Basın İlan Kurumu, gazeteye gönderdiği savunma isteme yazısında, hakkında vereceği karara 18 Ekim 1994 tarihli, 194 sayılı Basın Ahlak Esasları Hakkında Genel Kurul Kararı’nın 1.maddesi ile aynı maddenin (a) ve (ç) bendlerini hukuki dayanak olarak göstermiştir. Gerektiği için tümüyle alıyorum: 1. madde bir kamu hizmeti olan gazeteciliğin kişisel ve ahlaka aykırı amaç ve çıkarlara alet edilmesini ve kamu yararına aykırı bir şekilde kullanılmasını; haberlerde ve olayların yorumunda gerçeklerden saptırma, çarpıtma veya kısaltma yoluyla amaçlı olarak ayrılmayı; doğruluğu kuşku uyandırabilen ve araştırılması gazetecilik imkânları içinde bulunan haberlerin araştırılıp doğruluğundan emin olunmadan yayımlanamayacağı kuralını getirmiş; (a) işaretli bendinde “Devletin ülkesi ve milleti ile bölünmez bütünlüğü ve Cumhuriyetin insan haklarına dayalı, demokratik, laik, hukuk devleti niteliği aleyhine yayın” yapılmasını; (ç) işaretli bendi “suça tahrik veya teşvik edecek ve suç ile mücadeleyi etkisiz kılacak yayın” yapılmasını yasaklamıştır. 

Görüldüğü üzere Basın İlan Kurumu Gazeteden savunma isteyen yazısında, uygulayacağı işleme hukuki dayanak olarak gösterdiği genel kurul kararının ilgili kuralları bir çok konuda yasaklama getirmiş ve yayın ilkeleri saptamıştır. 

Gazetenin söz konusu yazısının bu yasaklardan ve ilkelerden hangisini ihlal ettiği belirtilmemiş, sadece maddeler aynen yazılmakla yetinilmiştir.

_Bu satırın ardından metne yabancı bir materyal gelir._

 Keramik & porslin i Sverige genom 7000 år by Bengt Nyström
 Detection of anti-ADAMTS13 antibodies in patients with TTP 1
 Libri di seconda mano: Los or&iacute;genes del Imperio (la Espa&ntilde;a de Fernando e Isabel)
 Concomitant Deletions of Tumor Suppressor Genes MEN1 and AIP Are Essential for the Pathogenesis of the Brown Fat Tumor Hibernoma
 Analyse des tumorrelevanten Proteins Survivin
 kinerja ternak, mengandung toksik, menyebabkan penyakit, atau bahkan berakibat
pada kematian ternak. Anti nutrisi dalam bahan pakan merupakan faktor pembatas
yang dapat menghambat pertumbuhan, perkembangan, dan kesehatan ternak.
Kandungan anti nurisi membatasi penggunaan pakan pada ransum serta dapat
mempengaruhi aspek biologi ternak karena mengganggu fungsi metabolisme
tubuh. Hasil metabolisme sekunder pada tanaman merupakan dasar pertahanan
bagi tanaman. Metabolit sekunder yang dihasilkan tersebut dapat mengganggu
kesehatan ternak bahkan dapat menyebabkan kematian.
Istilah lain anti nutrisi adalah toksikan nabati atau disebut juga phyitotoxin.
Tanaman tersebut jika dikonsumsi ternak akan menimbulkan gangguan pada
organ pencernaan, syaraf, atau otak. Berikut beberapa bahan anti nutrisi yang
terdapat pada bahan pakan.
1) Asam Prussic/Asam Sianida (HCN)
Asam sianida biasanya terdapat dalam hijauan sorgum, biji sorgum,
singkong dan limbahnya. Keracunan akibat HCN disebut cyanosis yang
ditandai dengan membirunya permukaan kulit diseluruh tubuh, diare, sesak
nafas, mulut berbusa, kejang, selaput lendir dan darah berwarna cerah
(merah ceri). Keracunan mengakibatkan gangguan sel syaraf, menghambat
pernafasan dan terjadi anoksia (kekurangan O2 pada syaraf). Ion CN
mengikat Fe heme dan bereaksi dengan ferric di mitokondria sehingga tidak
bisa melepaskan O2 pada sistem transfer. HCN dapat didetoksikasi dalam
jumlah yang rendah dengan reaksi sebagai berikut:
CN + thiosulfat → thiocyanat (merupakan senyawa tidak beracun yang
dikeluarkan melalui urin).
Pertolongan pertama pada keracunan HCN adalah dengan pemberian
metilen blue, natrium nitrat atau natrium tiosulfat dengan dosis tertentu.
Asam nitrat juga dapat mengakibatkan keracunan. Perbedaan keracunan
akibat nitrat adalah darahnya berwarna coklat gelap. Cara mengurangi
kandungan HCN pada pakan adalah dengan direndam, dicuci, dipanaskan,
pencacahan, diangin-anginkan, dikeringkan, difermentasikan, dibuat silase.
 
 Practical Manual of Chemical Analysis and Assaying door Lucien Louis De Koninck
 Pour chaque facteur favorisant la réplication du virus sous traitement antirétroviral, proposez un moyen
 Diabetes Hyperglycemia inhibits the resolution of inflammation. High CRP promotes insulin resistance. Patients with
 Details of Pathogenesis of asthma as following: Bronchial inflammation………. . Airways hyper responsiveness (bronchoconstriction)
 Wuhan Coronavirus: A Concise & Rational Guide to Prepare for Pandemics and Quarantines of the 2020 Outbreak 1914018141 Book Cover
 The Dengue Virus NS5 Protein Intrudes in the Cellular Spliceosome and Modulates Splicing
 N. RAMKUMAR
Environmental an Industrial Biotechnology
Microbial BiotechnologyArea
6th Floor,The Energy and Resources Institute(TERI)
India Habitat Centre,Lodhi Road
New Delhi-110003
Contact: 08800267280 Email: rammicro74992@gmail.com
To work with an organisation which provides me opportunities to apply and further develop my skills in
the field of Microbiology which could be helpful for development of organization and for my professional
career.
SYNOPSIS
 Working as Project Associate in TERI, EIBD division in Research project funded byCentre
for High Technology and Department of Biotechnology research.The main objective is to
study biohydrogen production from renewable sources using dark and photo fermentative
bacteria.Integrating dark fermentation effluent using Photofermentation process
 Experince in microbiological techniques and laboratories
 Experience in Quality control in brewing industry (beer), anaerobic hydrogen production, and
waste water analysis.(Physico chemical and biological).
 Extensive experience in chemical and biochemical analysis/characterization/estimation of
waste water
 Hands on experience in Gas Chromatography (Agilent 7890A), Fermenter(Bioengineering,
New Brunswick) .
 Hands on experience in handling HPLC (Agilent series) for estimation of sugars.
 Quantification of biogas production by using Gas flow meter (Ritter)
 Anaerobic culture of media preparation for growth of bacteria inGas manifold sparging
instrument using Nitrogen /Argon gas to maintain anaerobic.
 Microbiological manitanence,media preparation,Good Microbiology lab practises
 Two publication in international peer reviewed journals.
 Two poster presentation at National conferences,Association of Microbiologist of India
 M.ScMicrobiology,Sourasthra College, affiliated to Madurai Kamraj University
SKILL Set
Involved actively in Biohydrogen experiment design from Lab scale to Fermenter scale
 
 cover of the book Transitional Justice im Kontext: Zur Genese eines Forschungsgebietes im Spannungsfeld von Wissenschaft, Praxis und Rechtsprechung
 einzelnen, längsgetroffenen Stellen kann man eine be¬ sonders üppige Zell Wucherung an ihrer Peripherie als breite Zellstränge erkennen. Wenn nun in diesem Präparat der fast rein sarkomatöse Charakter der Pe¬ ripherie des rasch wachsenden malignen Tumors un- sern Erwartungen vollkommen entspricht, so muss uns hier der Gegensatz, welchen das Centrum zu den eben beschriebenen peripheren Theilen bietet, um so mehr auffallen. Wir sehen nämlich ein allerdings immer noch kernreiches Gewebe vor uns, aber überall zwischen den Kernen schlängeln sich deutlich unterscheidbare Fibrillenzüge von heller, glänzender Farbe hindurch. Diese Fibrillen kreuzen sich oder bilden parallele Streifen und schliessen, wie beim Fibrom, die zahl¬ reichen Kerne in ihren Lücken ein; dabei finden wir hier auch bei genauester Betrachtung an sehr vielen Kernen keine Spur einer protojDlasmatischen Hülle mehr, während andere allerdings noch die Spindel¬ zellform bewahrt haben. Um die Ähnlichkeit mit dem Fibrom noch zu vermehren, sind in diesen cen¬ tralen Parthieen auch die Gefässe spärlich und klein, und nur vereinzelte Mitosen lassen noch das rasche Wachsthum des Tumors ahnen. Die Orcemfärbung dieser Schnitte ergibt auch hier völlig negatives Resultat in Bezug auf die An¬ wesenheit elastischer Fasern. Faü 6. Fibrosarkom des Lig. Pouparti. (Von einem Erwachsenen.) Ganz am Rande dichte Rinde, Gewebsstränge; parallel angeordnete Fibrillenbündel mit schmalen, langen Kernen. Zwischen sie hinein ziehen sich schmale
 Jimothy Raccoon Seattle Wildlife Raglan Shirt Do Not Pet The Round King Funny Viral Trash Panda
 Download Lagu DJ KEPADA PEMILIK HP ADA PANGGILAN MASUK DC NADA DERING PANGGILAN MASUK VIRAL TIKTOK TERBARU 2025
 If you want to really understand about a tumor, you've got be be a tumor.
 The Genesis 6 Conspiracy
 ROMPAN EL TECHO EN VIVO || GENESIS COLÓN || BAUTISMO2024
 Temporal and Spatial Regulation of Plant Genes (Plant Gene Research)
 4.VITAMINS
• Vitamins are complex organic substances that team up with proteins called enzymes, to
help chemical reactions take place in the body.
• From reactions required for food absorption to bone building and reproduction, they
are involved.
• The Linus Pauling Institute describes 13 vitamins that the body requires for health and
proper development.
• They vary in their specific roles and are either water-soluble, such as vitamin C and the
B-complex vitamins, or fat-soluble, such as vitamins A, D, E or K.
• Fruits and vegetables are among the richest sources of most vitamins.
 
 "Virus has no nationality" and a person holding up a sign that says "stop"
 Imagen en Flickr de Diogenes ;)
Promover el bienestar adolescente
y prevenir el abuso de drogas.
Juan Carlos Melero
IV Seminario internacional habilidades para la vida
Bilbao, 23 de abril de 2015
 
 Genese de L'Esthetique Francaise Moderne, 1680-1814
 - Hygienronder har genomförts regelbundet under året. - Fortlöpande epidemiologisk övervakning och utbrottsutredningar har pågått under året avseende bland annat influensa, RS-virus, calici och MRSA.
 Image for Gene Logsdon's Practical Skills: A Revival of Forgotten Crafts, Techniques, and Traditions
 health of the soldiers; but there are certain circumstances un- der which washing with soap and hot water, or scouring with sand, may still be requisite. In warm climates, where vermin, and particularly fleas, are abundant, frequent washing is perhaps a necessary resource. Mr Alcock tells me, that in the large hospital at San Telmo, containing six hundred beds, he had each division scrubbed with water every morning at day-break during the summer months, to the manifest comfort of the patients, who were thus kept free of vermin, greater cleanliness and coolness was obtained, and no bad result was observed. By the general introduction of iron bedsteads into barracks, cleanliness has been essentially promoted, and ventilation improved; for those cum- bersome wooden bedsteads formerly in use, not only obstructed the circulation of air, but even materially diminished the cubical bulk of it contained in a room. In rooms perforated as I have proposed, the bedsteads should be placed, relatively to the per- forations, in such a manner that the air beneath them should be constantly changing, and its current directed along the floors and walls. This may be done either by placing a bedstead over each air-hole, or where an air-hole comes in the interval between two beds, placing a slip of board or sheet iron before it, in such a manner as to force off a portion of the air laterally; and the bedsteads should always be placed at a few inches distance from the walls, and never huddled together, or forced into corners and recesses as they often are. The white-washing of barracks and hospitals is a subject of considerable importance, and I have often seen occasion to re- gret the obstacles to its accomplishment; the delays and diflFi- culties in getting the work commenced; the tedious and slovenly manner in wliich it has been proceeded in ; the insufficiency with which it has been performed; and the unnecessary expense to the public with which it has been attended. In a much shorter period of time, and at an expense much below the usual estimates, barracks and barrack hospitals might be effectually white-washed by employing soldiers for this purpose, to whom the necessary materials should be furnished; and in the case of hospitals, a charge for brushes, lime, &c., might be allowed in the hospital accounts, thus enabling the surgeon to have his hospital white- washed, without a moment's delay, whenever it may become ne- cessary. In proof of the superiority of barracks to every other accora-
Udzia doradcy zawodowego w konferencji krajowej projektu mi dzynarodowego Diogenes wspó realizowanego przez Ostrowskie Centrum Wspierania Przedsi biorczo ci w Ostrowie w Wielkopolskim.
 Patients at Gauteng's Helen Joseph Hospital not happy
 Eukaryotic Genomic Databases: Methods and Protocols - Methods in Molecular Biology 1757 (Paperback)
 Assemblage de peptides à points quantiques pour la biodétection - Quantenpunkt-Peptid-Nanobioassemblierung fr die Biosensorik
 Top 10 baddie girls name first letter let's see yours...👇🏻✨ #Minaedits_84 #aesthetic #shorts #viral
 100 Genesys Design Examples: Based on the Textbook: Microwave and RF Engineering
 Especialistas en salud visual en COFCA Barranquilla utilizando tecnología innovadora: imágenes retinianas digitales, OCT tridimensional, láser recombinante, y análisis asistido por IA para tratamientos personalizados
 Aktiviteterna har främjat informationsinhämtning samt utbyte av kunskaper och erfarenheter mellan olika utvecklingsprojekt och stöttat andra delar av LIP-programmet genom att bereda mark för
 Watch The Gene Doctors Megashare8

Bu husus ya hukuki cehaletten kaynaklanmakta ya da savunmayı zora sokmak amacını taşımaktadır. Gazete hangi yasağı, hangi ilkeyi ihlal ettiğini bilmeden nasıl savunma yapacaktır? İdari makamlar, kişi ve kurumlar hakkında yetkileri içinde bir yaptırım uyguladıklarında ya da yaptırım amaçlı bir iddia ileri sürdüklerinde iddianın nedenini ve hukuki dayanaklarını açıklıkla ortaya koymak durumundadır. Çok sayıda ilkeyi, yasağı ve kuralı sıralayarak, tam bir belirsizlik içinde savunmanı yap demek, hukukun genel ilkeleri içinde yer alan ve evrensel bir kural olan “savunma hakkı”nın kısıtlanması sonucunu doğurur.

SONUÇ

Medya üzerinde uygulanan ağır baskılar ve uygulanan yaptırımlar, ölçülülük ilkesine aykırı olarak, düşünceyi açıklama ve yayma hürriyeti ile basın hürriyetinin yasal sınırlar içinde tam olarak kullanılmasını imkânsız hale getirmekte; bu hürriyetlerin özüne dokunmaktadır. Bu nedenle medya üzerinde giderek ağırlaşan ve yoğunlaşan yaptırımlar, söz konusu özgürlükleri düzenleyen Anayasa’nın 26. ve 28. maddelerine, hem de temel hak ve özgürlüklerin sınırlandırılmasını düzenleyen 13. maddesine aykırıdır. Kuşkusuz Anayasa uzmanları konuyu bu açıdan da ayrıntılı olarak inceleyeceklerdir.